College Planning Resources

Parent College Planning Tips

College Visits

  • Before making a campus visit, you should sit down with your child and see if they object if you ask your own set of questions
    • Review your questions with them
    • If they say No, ask if they wouldn’t mind asking the questions in a way that they are comfortable with, which means the questions may need to be rewritten
  • It is best to set up an appointment with the college rather than  a casual stop by approach
    • Verify the times available for visiting potential students and parents
    • Allow enough time to see the campus and immunities as well as sit with an Admission Counselor or Financial Aid to ask questions
  • Consider the time of when you will make a campus visit
    • Visiting during Summer Sessions is a different time and atmosphere than the normal academic semester sessions
    • Depending on how far apart each campus visit is from one another, it is best to schedule no more than two visits a day so you are not rushing or running behind
    • If your visits require hotel accommodations, ask the college what they suggest and also ask what campus events or activities are scheduled and try to attend


Type of Colleges

  • Public schools are supported by the state's taxpayers.

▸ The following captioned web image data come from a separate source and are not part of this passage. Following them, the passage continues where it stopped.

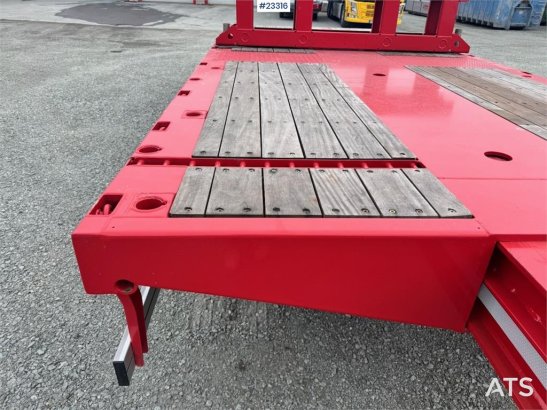 HRD crane semi-trailer with extension HRD crane semi-trailer with extension 2023 2 image 12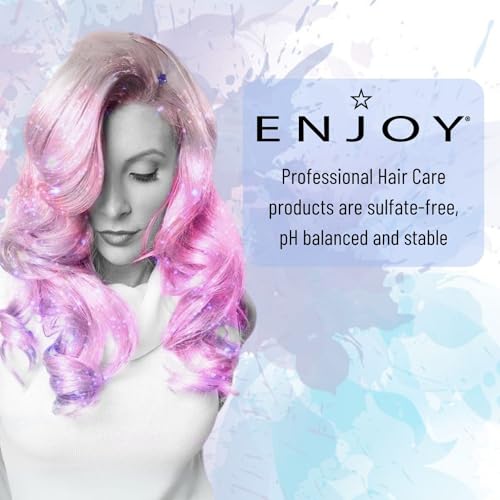 Enjoy Sculpt, Creamy Lightweight Sculpting Cream, Medium Flexible Hold, Humidity-Resistant, Soft Definition & Medium Shine, 2.1?oz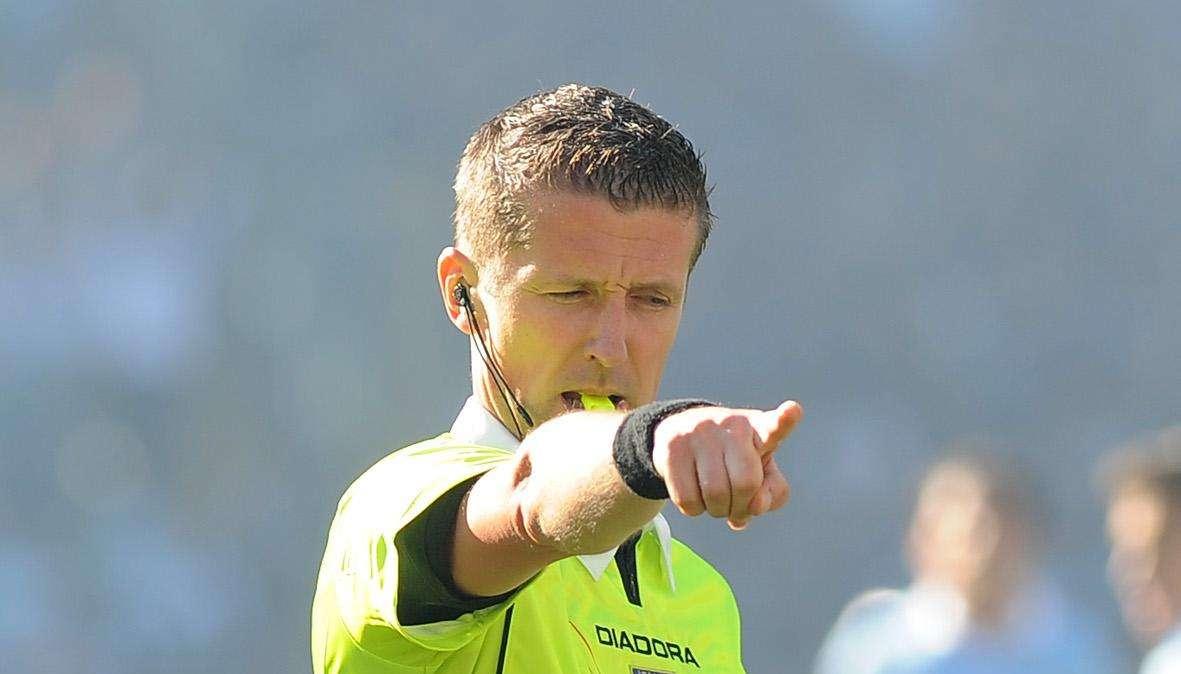 Roma-Fiorentina, arbitra Orsato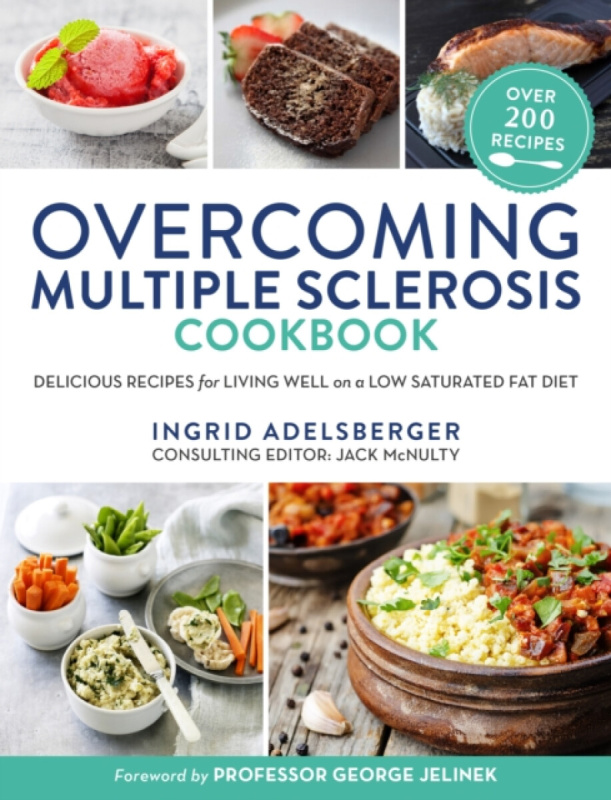Overcoming Multiple Sclerosis Cookbook (Delicious Recipes for Living Well on a Low Saturated Fat Diet) - kniha z kategorie Diety a zdravá výživa
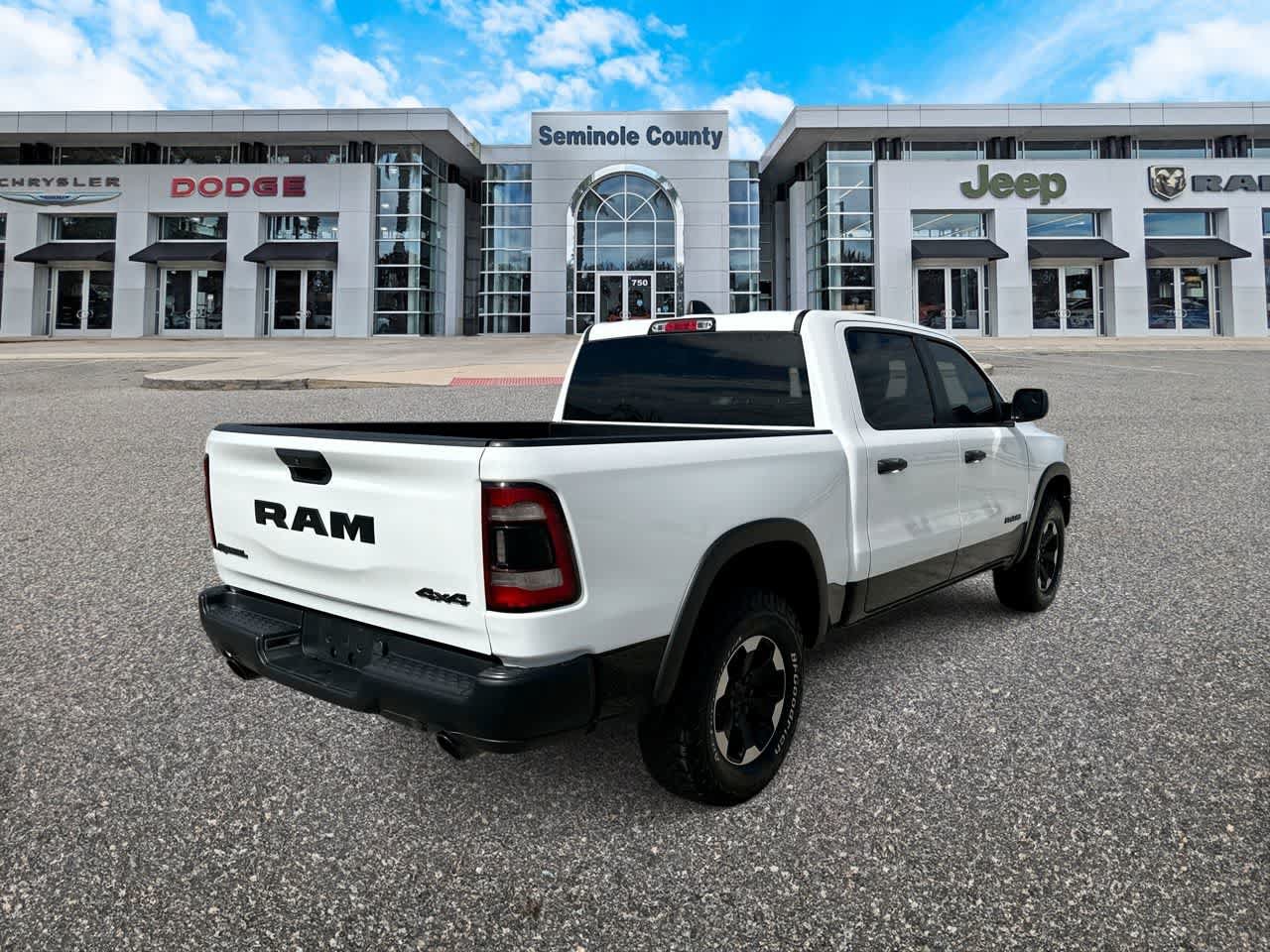 Used 2024 RAM 1500 Rebel AWD/4WD image 8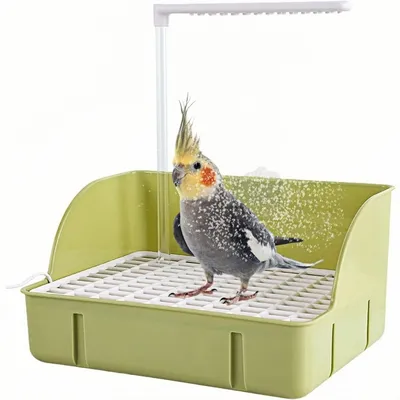 ZooVenture ducha automática para pájaros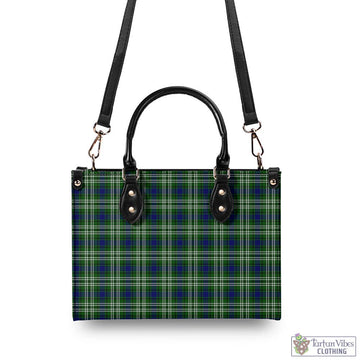 Blackadder Tartan Luxury Leather Handbags - Tartan Vibes Clothing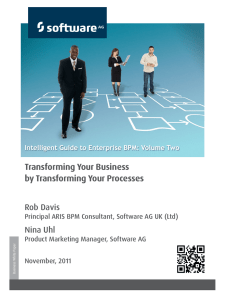 Transforming Your Business by Transforming Your Processes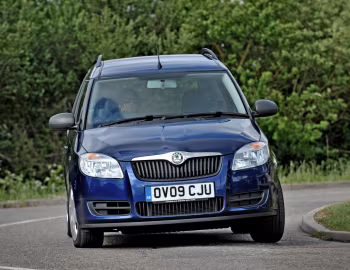 Škoda Roomster [UK-spec] '2006–10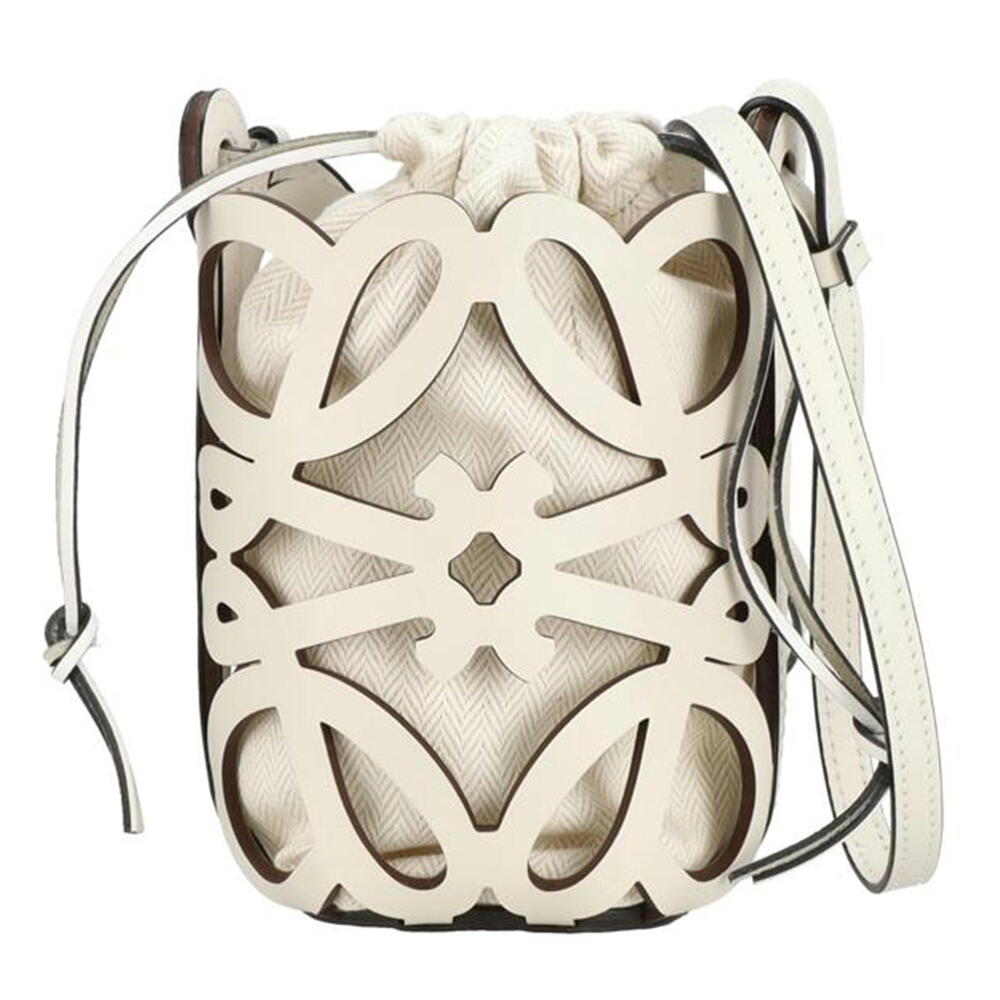 LOEWE Anagram Cutout Shoulder Pouch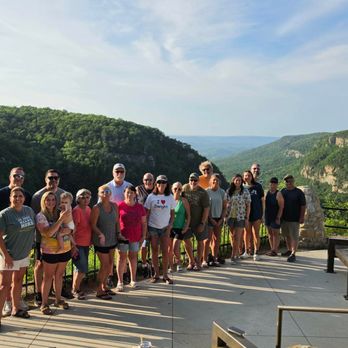 Cloudland Canyon State Park - Our family of 20. - Parks Near Me - Rising Fawn, Georgia
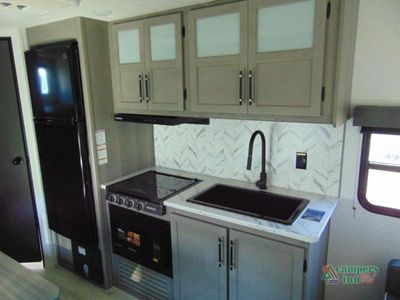 2025 Keystone RV Hideout — engine compartment view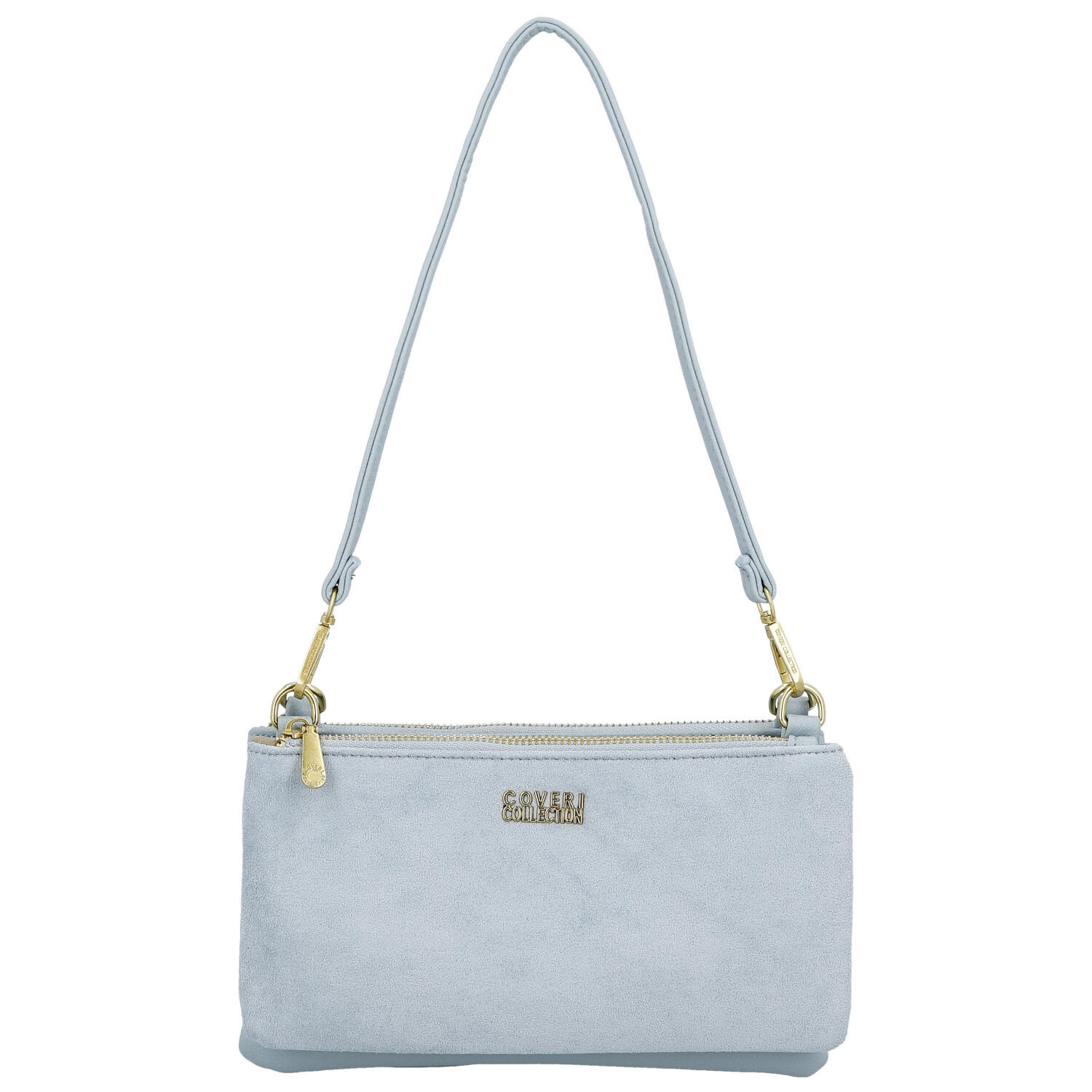 Dámska crossbody kabelka svetlo modrá - Coveri Alesia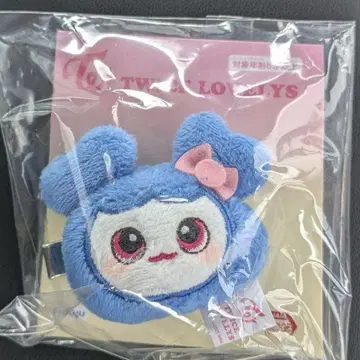 선착순 GIGO 한정판 TWICE 봉제 인형 헤어핀 쯔위 쯔브리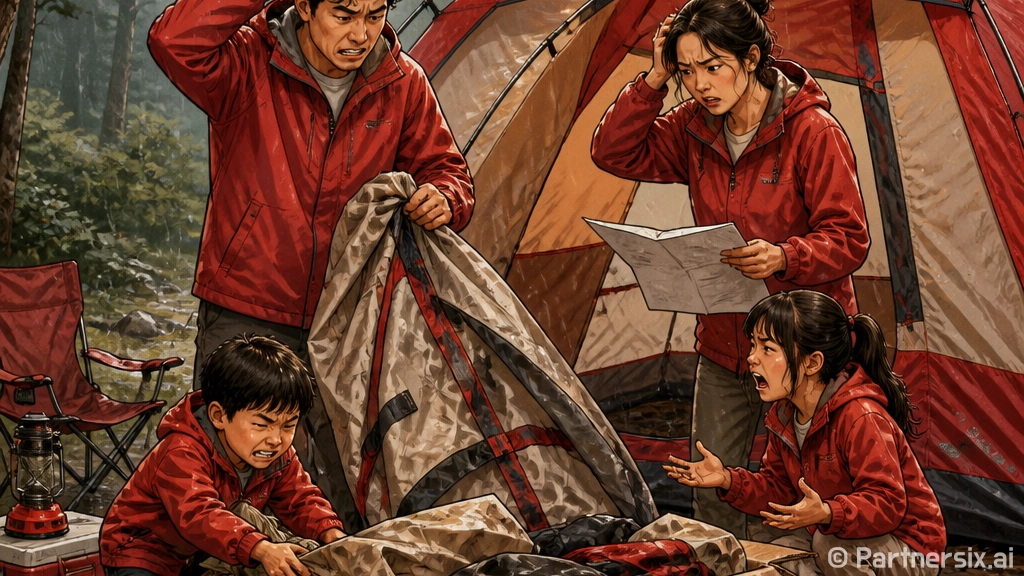 대형 돔텐트 고르는…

Students pay 30 percent or less of the actual cost of education, and the state covers the rest. Because residents of the state already support the school through taxes, public schools charge residents (in-state students) less than nonresidents (out-of-state students).
  • Private schools provide their own funding and tend to be more expensive than public schools. Since private schools are not tax-supported, they also tend to be more innovative in developing college financing plans, tuition assistance programs, and financial aid award packages.
  • Community Colleges that have a 2+2 Program
  • The 2+2 options is a unique dual admission offered program that allows the student to attend for 2 years and transfer to another selected four year institution where there is an agreement for accepting earned college credits


How to Pay for College - Develop a Financial Plan

There are four basic steps to pay for college.

  1. Estimate the cost of where your child wants to attend college
  2. Create a personal and or family budget to determine how much you will be able to save or how you will need to save on a monthly basis
  3. Consider the monetary difference of your savings and the college cost with financial aid and other assistance such as loans, work study, scholarships
  • Gift aid (aid that doesn't have to be paid back like grants and scholarships)
  • Loans (money you pay back)
  • Work programs (where you earn wages to apply toward college).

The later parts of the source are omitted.